====== Material for this exercise ======
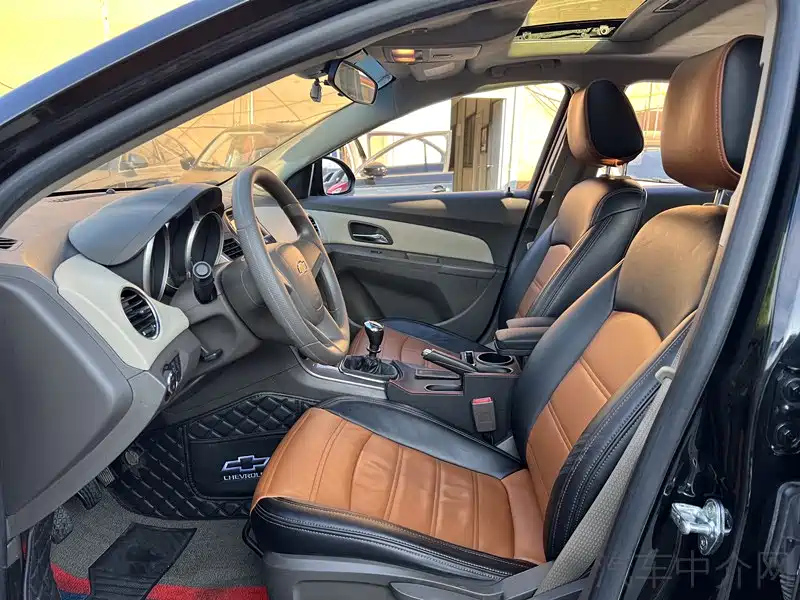 CHEVROLET CRUZE 2015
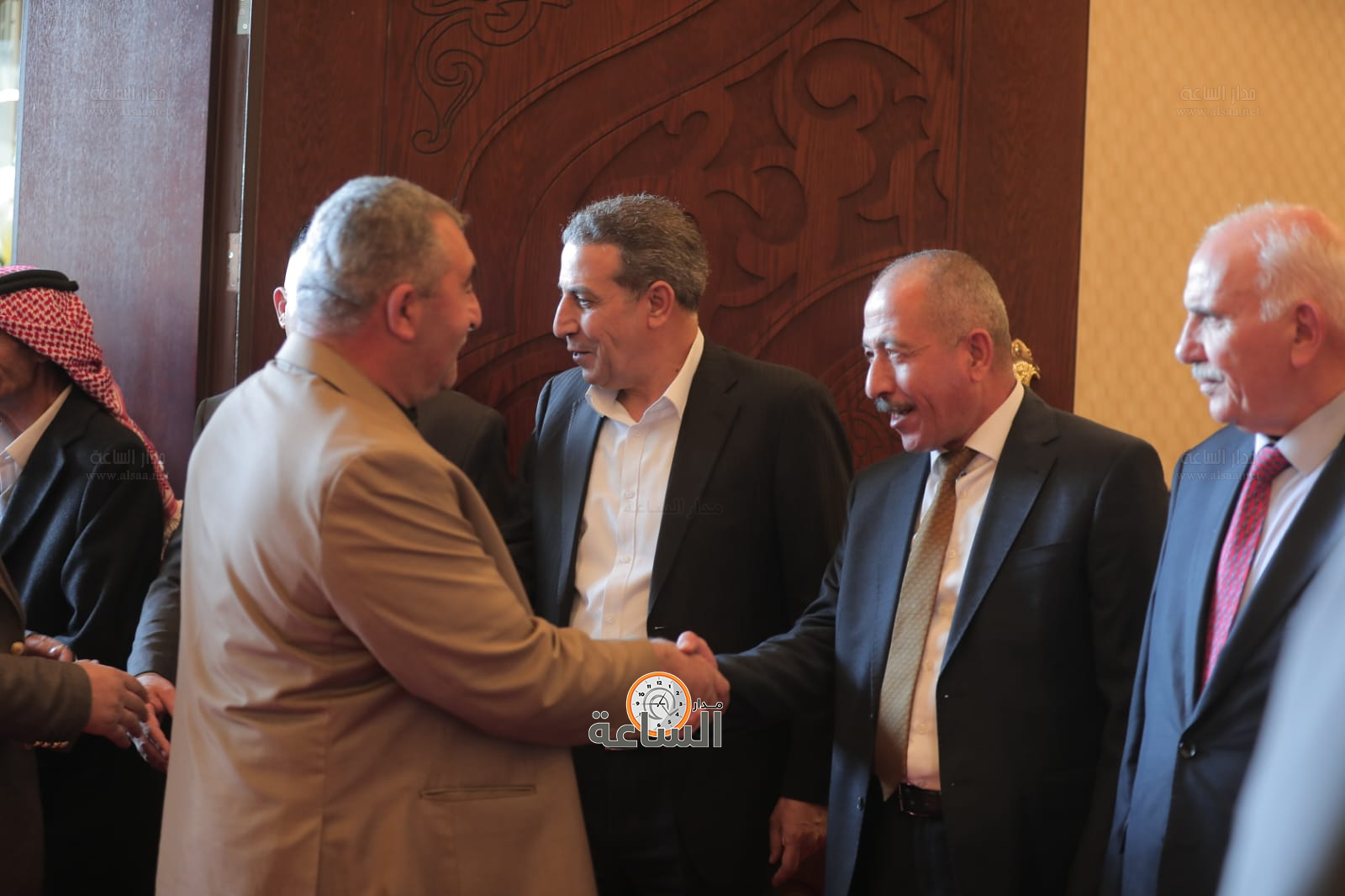 Madar Al-Saa Images 0.02804770573501192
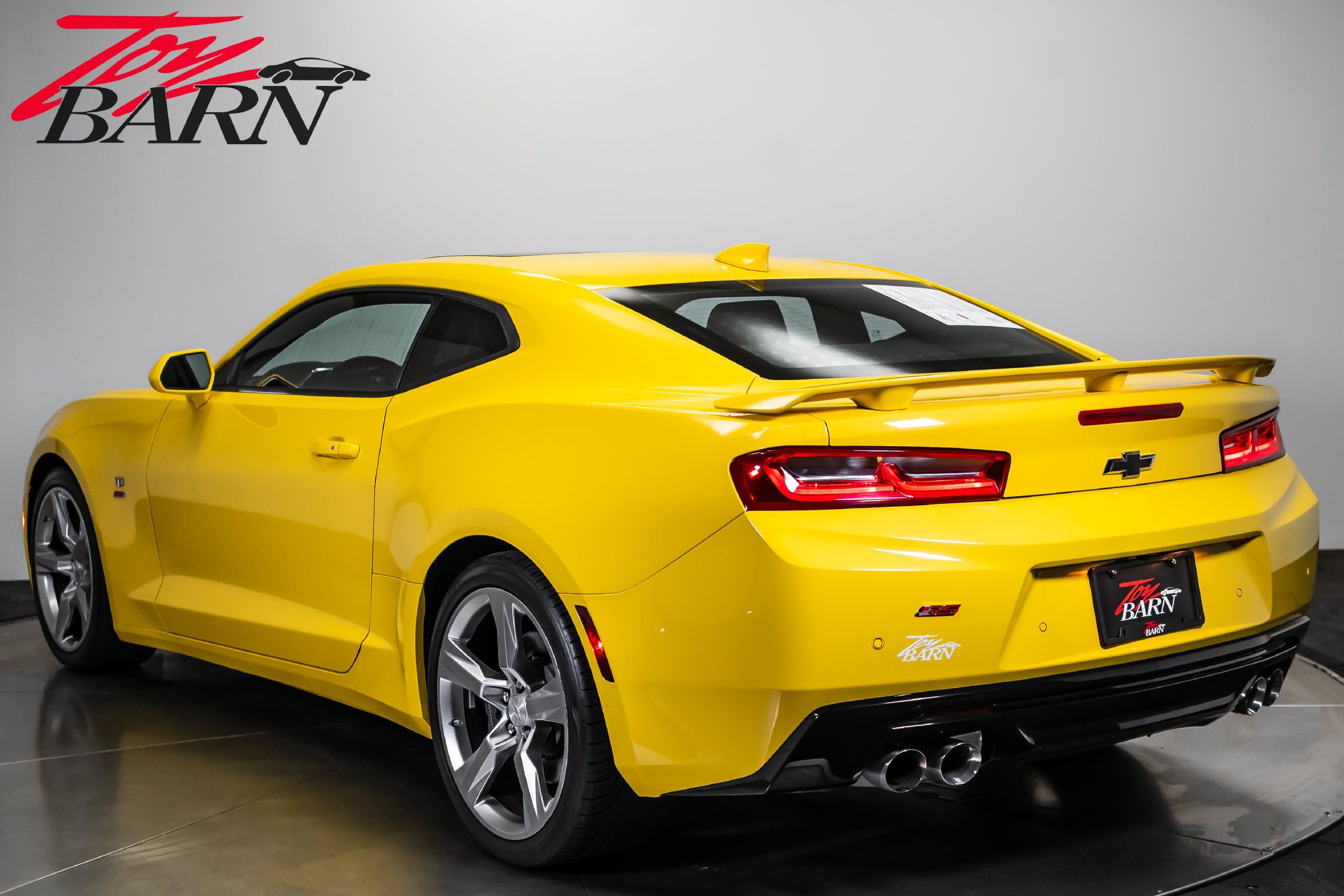 Used 2016 Chevrolet Camaro SS RWD image 3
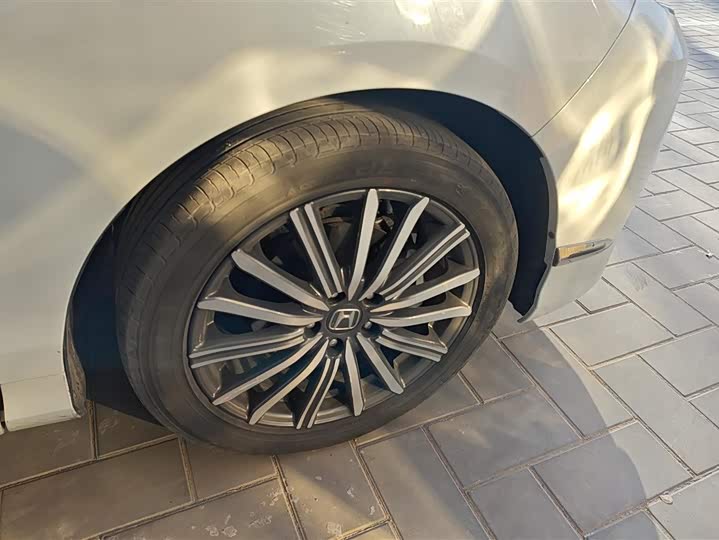 Фото 6 - Honda Elysion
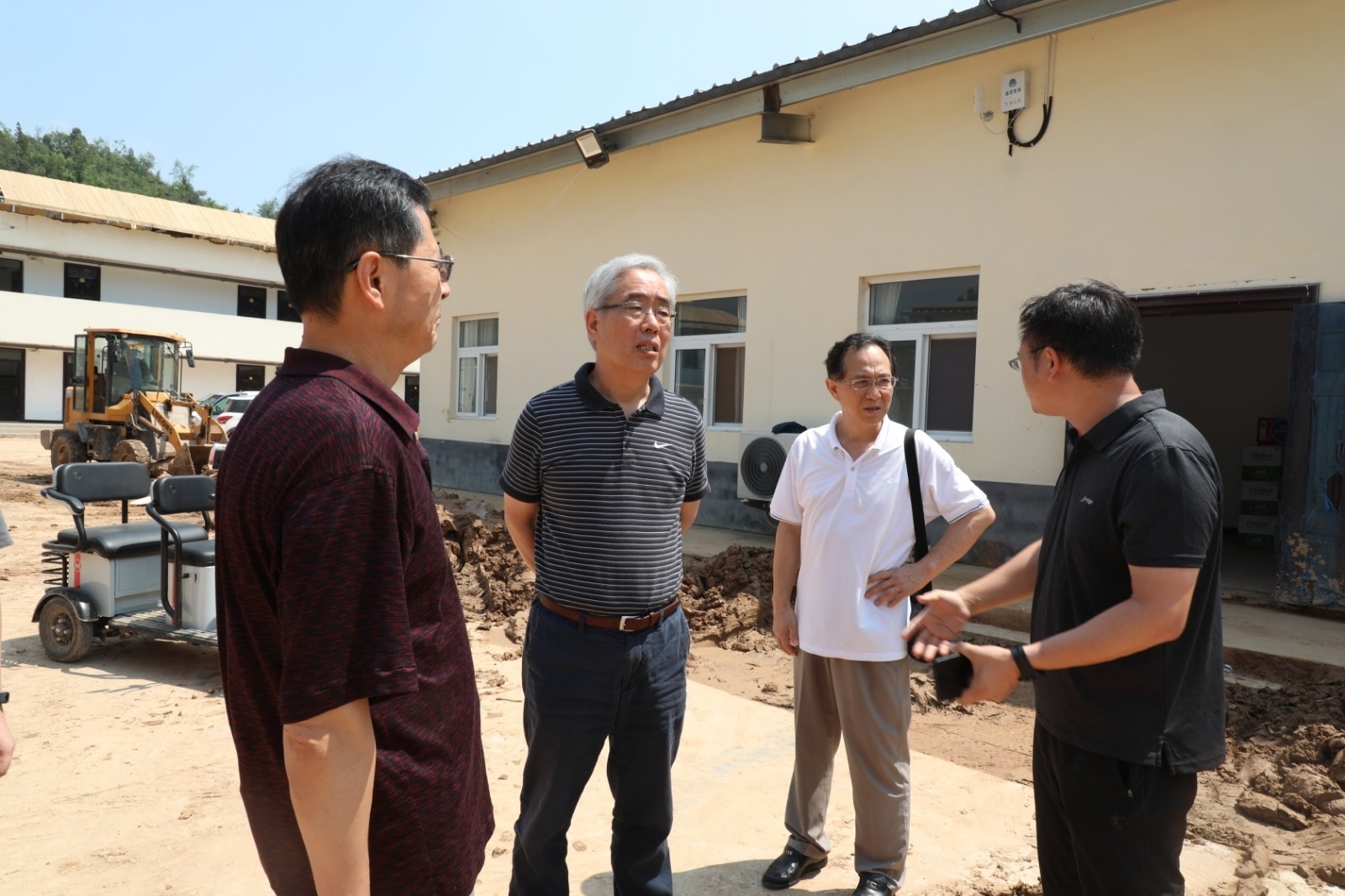 2.孙校长听取新沟村受灾情况汇报.JPG 2.孙校长听取新沟村受灾情况汇报.JPG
======
▶ **Assignment**
Omit the pictures and set down the records exactly.

▶ **Solution below**
 CHEVROLET CRUZE 2015
 Madar Al-Saa Images 0.02804770573501192
 Used 2016 Chevrolet Camaro SS RWD image 3
 Фото 6 - Honda Elysion
 2.孙校长听取新沟村受灾情况汇报.JPG 2.孙校长听取新沟村受灾情况汇报.JPG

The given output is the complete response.